Various external partners also conduct RCCE, such as:
Formal/informal community leaders and local authorities
Community leaders are from a specific geographical area or belong to specific groups with a shared interest (e.g. IDPs). They can be traditional leaders, such as village chiefs, or non-traditional leaders, such as heads of women’s groups or religious leaders. Involving trusted community leaders in the design and implementation of response efforts is key to gaining communities’ trust, identifying and addressing barriers and ways to increase the acceptance of interventions and/or the uptake of behaviors and norms, identifying local resources and actions to control an outbreak and its impacts, and influencing community members to adopt practices.
Community members must be active in the community engagement process. They have the potential to further define barriers in or facilitate the acceptance and uptake of different behaviors, and to identify and act on locally acceptable solutions. Community members and “positive deviants” (individuals who practice optimal behaviors even if they are not the norm, or despite other hardships and challenges) can serve as champions to share their experiences and promote certain behaviors and their benefits, thus potentially increasing adoption by others.

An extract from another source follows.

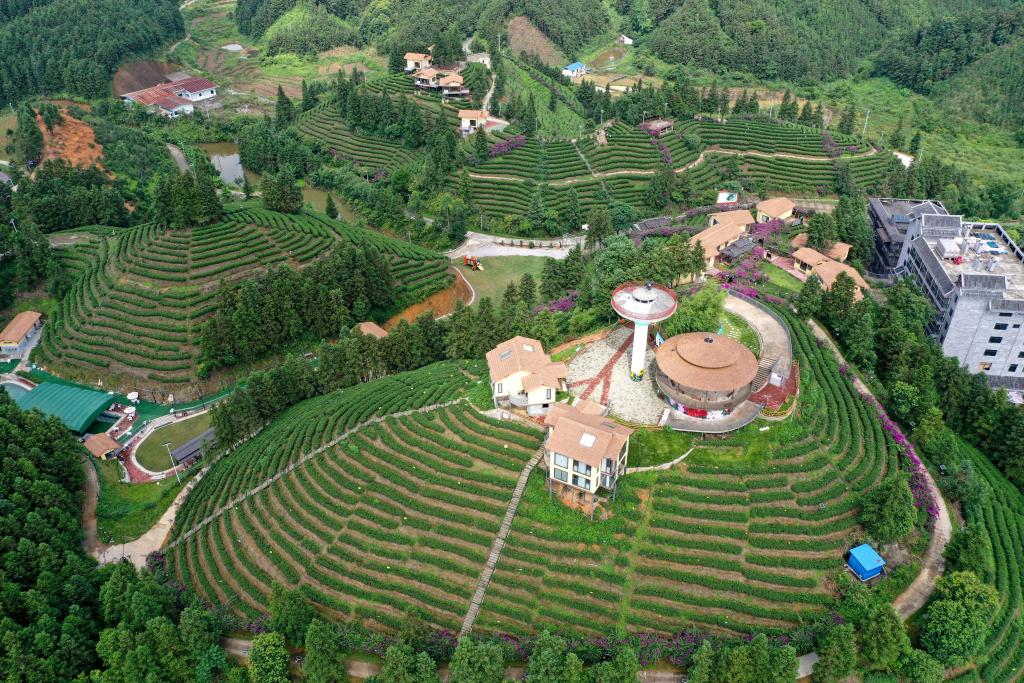 粵桂協(xié)作助苗鄉茶業(yè)融合發(fā)展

Community groups and influencers
Community groups and influencers who are trusted, particularly to provide health information, can conduct outreach, engage communities in dialogues, demonstrate positive behaviors and norms, and address barriers. Examples include community health committees, religious groups, scientists and health workers, women’s groups, youth groups, various trade associations (e.g. taxi drivers, hairdressers), traditional healers, sports figures, celebrities and more.
Media partners may include radio, TV, and print outlets, journalists, and social media influencers. In addition to providing information, media can be used to engage communities with local experts and influencers in local languages. Journalists should be trained to provide accurate information about the outbreak to reduce the spread of rumors and misinformation. Radio programming, for example, can include interactive elements that allow listeners to engage with hosts and guests via phone calls or SMS to answer questions or concerns. Radio and TV dramas can engage and influence individuals with compelling storytelling that demonstrates the benefits and consequences of certain actions and inaction. Social media influencers can also spread messages and engage in two-way dialogues.
Civil society and NGO partners
Agreements with civil society and NGO partners can be made to support outreach to and engagement with communities, and to fill gaps in expertise and services. They can also be made to address additional community-level needs, such as WASH, protection, or livelihoods, among others.